The argument is about what is the influence of man on the process? Are our actions on lowering the carbon footprint of humankind too late or not needed at all? That is an area for debate.
But, I always found these arguments facile. Surely, the issue is that carbon fuels are finite and, as yet, green fuels have not been developed sufficiently to replace them. So regardless of the impact of the same on the environment, we should be developing strategies to use these fuels less so they last longer. It is just common sense.
But, despite laudable corporate social responsibility statements from all “the great and the good” companies from around the world, has the need to make buildings more energy efficient actually occurred? The answer with new builds, in the UK and other developed markets, is a resounding “yes”. The answer with older, existing, stock is an equally deafening “no”.
We won the green battle with new properties many years ago. All new buildings are ranked as BREEAM[1] Excellent or very good. All new buildings are energy efficient and rated as A or B on the Energy Performance Certificates (EPC) Certificates. I don’t subscribe to a view that with new builds that there is a “green premium” or, conversely, a “green discount”. The truth is that if everything is the same, then it is impossible to discern either. Sustainability is now just a specification and to allocate a rent or capital premium to the building makes as much sense as saying there is a premium for the building having windows. Occupiers of these buildings want and are offered a homogenous product and thus no developer will build a new non-sustainable building as it won’t let and it won’t sell. And the impact on value is indiscernible.
The problem is with existing buildings with lower EPC ratings. How do we get those retrofitted and improved? And what is the impact on value of a building being energy inefficient.
I have always believed in the adage that “markets sort themselves out” and so I thought with property retrofitting.

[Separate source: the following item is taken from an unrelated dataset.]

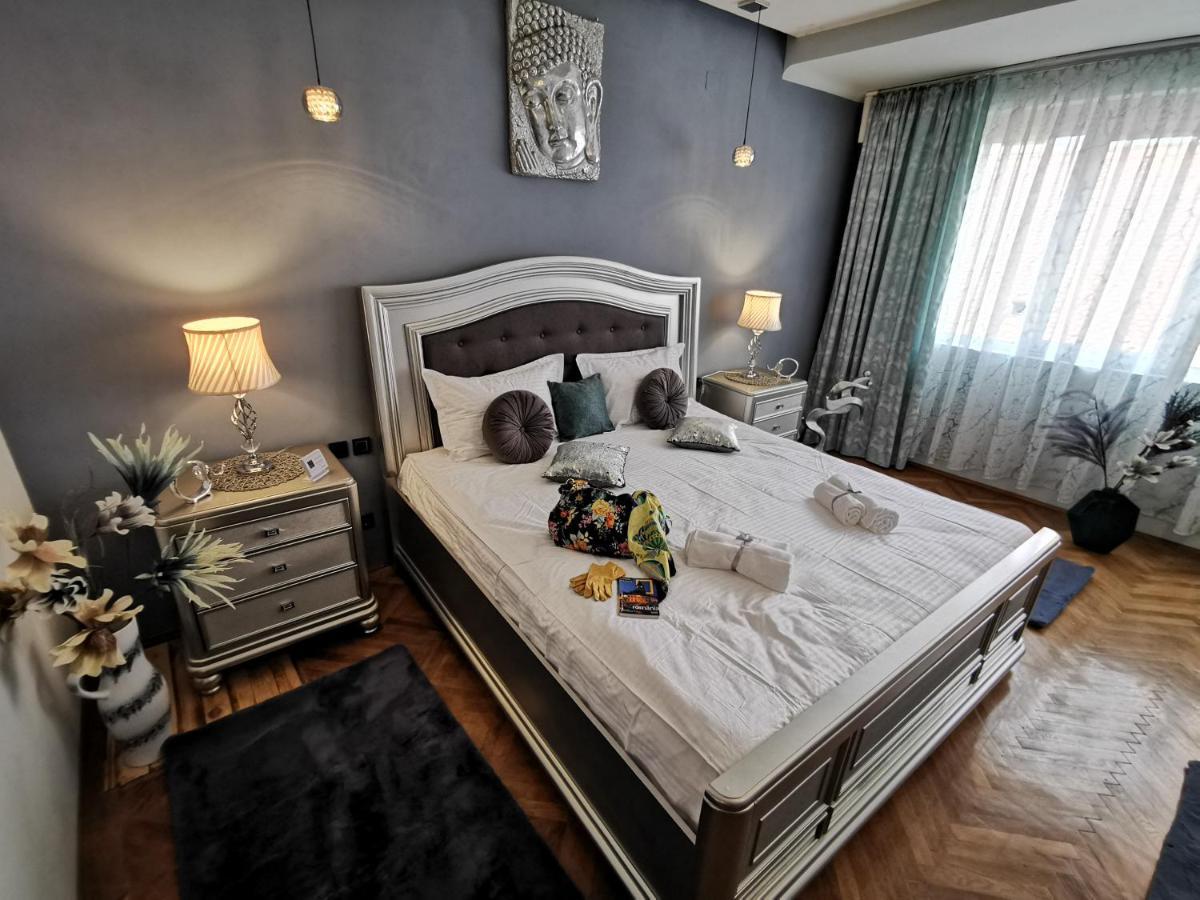 Crystal Central Apartment Брашов Экстерьер фото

If the cost savings are sufficient to compensate for the outlay over a reasonable payback period, then the market will retrofit. This is, obviously, a play between the cost of retrofitting falling (as it is done more and more and competition and economies of scale creeps into the market) and the price of energy increasing (to make the savings of a level that makes sense).
I thought that we had hit the tipping point in 2014, when energy prices were growing at almost exponential rates. Oil prices were at an all-time high in dollars per barrel. Natural gas was at numbers so high that the Norwegian and Russian economies were like bubbles filled with their own product. And, at that time, I saw that the potential cost savings (at current rates) far outstripped the cost of retrofitting. We were at that tipping point.

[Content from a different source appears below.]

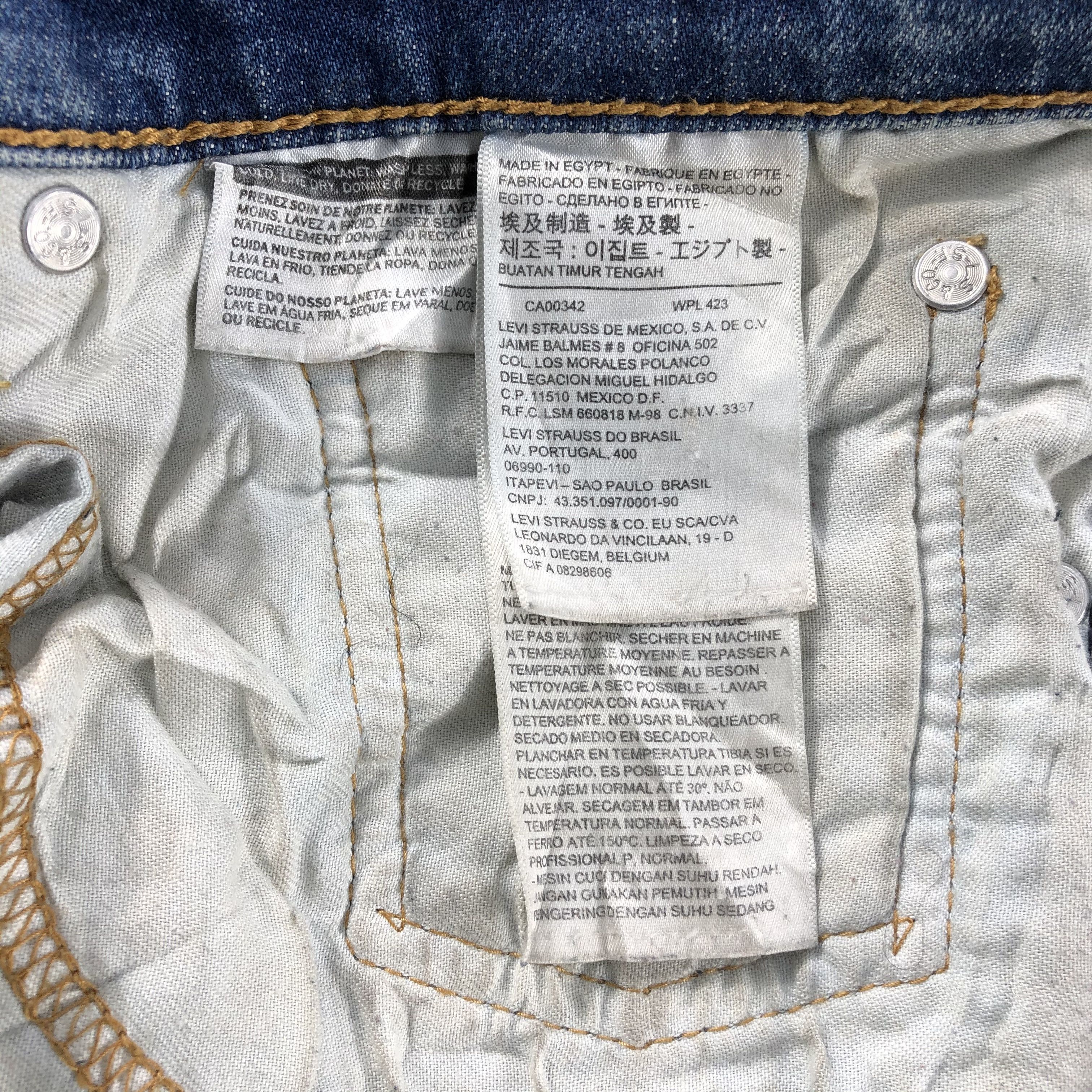 Levi's Vintage Distress Levis 511 Jeans- J1326 Size US 37 - 9 Thumbnail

Sadly, the energy cost bubble burst, in 2015 energy costs halved and the moment was gone. The market would not sort itself out. In a free market, sustainability will only have an impact if the occupiers of properties consider that the “sustainable elements” (energy savings) make a contribution (perceived or real) to the bottom line. Occupiers will only pay for specifications that impact positively upon their businesses. The numbers no longer stacked up.
And in terms of valuation, for the existing stock, the default setting tended to be “do nothing” and thus the impact on value was zero. Any impact on value would only happen if legislation is introduced that will restrict occupation. And this is exactly what has happened.

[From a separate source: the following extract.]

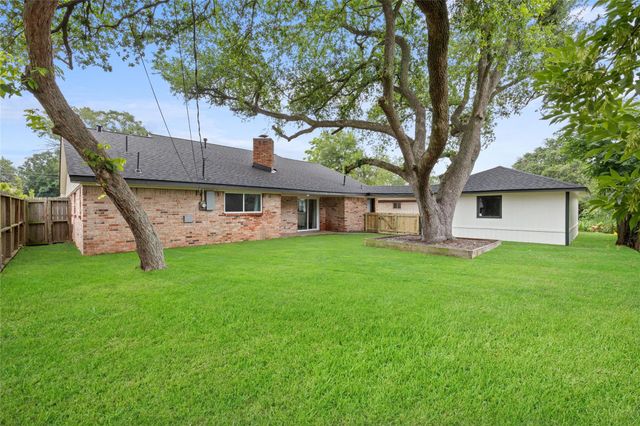 518 Whitecap Drive, El Lago, TX 77586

And although it shouldn’t come as surprise, as it was announced in The Energy Act 2011, from April 2018 it will be unlawful to let residential or commercial properties with an EPC Rating of F or G (i.e. the lowest two grades of energy efficiency). That WILL have an impact on value. Properties that were previous let, at F and G ratings, will, at review, no longer be legally lettable. So the cash flow will end unless the property is retrofitted to bring its rating up to, at least, an E. No cash flow, no value. Apart from a residual based on refurbishment or redevelopment.
This will be discussed at length in a Practice Briefing in this journal later this year, but the issue needs to be flagged now. In fact, for some investors who have done nothing to date, it may already be too late. Any new legislation will have an impact in one of two ways. Either the restriction will impact on the value or it will instigate good property management initiatives to improve the existing stock. But, either way, sustainability is now more than a buzzword for the UK valuation profession. It is a tangible issue that will impact on the value or secondary and tertiary properties.
Note
BREEAM is an environmental rating and sustainability assessment tool for buildings, master planning and infrastructure.